In the fall, Mrs. Margery Wilson directed Ladies in Retirement with Joyce Moebius, Janet McGinty, Marilyn Houser, Ray Rust, Constance Bonsall, Gloria
Robinson, and Bernice LaFleur. The spring play was Letters to Lucerne; the cast
consisted of Patsy Heidt, Peggy Vestal, Joan Rich, Jackie Richardson, Marathell
McArtor, Dorothy Wilson, Edith Abrahams, Connie Bonsall, Maurice Burns, Bob
McManus, and Albert Manuel. (11) Three students, Edith Abrahams, Adrienne Managan, and Bob Leake,
distinguished themselves with a straight A average in the fall semester. In the
spring, Phi Theta Kappa honorary scholastic fraternity inducted freshmen Edith
Abrahams, Perry Anderson, Almalee Clark, Johnny DeRouen, Katherine Harris,
Thomas Lipscombe, Marilyn Managan, Connie Mobley, Nancy Mutersbaugh, Hazel
Sockrider, June Spangler, and Herman Vincent. Fraternity president Adrienne
Managan completed McNeese and moved on to LSU at the end of the fall semester;
she was replaced by Joyce Moebius. Patrick L. Ford was cadet captain and
commander of the ROTC unit in the fall, succeeded by Dudley Doiron in the
spring, with Donald Palmer as his first lieutenant. Time Magazine conducted a
contest on current events among college students in the spring of 1946, and in
mid-March Benny Milam, one of the veterans attending McNeese, had the highest
score in the nation. (12) In January what was apparently the first exhibit of student art in McNeese
history was presented by Mrs. Wilson’s students. Margaret Hebert, Dorothy
Scoggins, and Betty Dixon showed oils, and Nancy Mutersbaugh, Mary Helen Harper,
and Aline Benoit showed water colors. Near the end of the semester two music
majors, Juanita Dark, contralto, and Wilma Jean Stevenson, pianist, gave spring
recitals. Nor should it be forgotten that Mr. James M. McLemore of the LSU Board
of Supervisors, working from photographs, selected Jane White, Betty Dixon, Eldride Mae Mitchell, and Lucille Farquhar as the "four most beautiful coeds" of
McNeese. (13) The faculty was too busy teaching the unexpectedly large classes to indulge
in much social activity. In November C. A. Girard entertained the Rotary Club
with two themes from Rachmaninoff’s Second Concerto, followed by a medley of
Gershwin, and concluding with "Basin Street Blues." Girard was a superb jazz
pianist as well as a scholar. Donald Millet was practically a one-man speaking
bureau during this academic year. In January Major Jack Kelley
replaced Captain John Van C. Koppelman as Professor of Military Science and
Tactics, and in March it was announced that Ada Sabatier would return from active
duty in the Navy in the fall and take over her history classes. (14) Wayne Cusic was "the coach" at McNeese during this first season of
intercollegiate athletics. Twenty-two men came out for the first football
practice, and 15 of them became regular players. The center was a young man
named Roy Butchee. Joe Morgan and Bobby Bland played tackle and Seaman Mayo,
Bill Taylor, and Bill Blanda were guards. Jack Doland, Ben
White, and Clarence Theriot were ends, and Johnny Eckhardt, Billy Brown, Charles
Hamerley, Reed Stephens, Harold Singleton, and Pat Ford were the backs. Six
games were scheduled, but two were with Louisiana College and two more with
Northeastern. The last two games were with a U. S. Merchant Marine team from
Gulfport and with Pearl River Junior College at Poplarville, Mississippi. The
McNeese team was selected to play Pearl River, whom it had defeated earlier, in
the Tung Oil Bowl at Poplarville. Pearl River managed to win this last contest.

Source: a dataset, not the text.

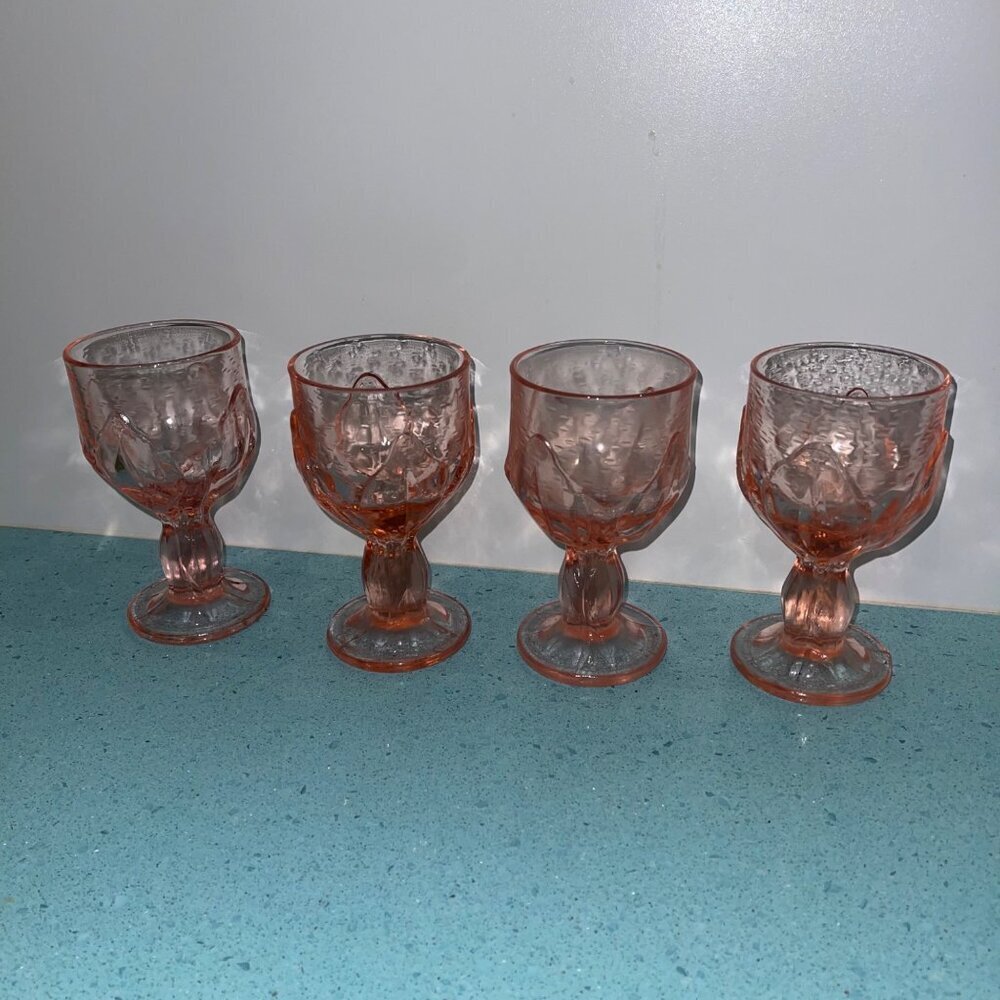 Tiffin Vintage Glass Franciscan Cabaret Wine Pink Lotus Flower Set Of 4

(15) Soon after, the football season ended. Coach Cusic announced that although
practice would of necessity begin late, there would be a basketball season. Some
of the games would be in the "City League," but some intercollegiate games were
assured. The squad was not large; one account lists Reed Stephens, Jimmy Stelly,
Aubrey Cole, Clarence Theriot, and Jack Doland as starters, with Joe Morgan,
Billy Brown, and James Humble making a strong bench. In one City League game
with a team from the Air Base, McNeese used only five players and won. Since
there was still no gymnasium, the basketball team practiced in the Auditorium,
which did not have space for a full court. So many collegiate opponents were
found before the season was over that McNeese dropped out of the City League. In
intercollegiate competition, the basketball team defeated Lee Junior College of
Goose Creek, Texas, Northeastern, Pearl River Junior College, and Lamar Junior
College. A strong Merchant Marine team from Gulfport lost to McNeese once, but
won a second game. McNeese also fielded a women’s basketball team in 1945-1946,
though its competition was limited to the Women’s City League. This team was
made up of Dot Guidry, Bertha Nolde, Juanita Dark, Elveretta Flournoy, Margie
Montenot, Lula Stolzle, and Frances Papania. Miriam Callender was the coach.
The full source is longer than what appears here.